> **YOUR ASSIGNMENT**
Locate each line below that includes "featuring" and reproduce it.

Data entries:
○ ○ ○

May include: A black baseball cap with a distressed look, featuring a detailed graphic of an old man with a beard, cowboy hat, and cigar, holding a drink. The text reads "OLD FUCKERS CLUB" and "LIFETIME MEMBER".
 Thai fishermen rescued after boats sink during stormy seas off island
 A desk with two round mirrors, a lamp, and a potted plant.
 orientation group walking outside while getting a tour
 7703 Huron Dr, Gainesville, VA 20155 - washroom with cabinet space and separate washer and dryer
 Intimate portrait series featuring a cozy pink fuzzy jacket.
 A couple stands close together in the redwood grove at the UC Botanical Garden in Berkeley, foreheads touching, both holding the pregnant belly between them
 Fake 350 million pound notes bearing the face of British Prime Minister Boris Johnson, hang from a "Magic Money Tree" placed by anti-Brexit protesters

○ ○ ○

> **TASK ANSWER**
May include: A black baseball cap with a distressed look, featuring a detailed graphic of an old man with a beard, cowboy hat, and cigar, holding a drink. The text reads "OLD FUCKERS CLUB" and "LIFETIME MEMBER".
 Intimate portrait series featuring a cozy pink fuzzy jacket.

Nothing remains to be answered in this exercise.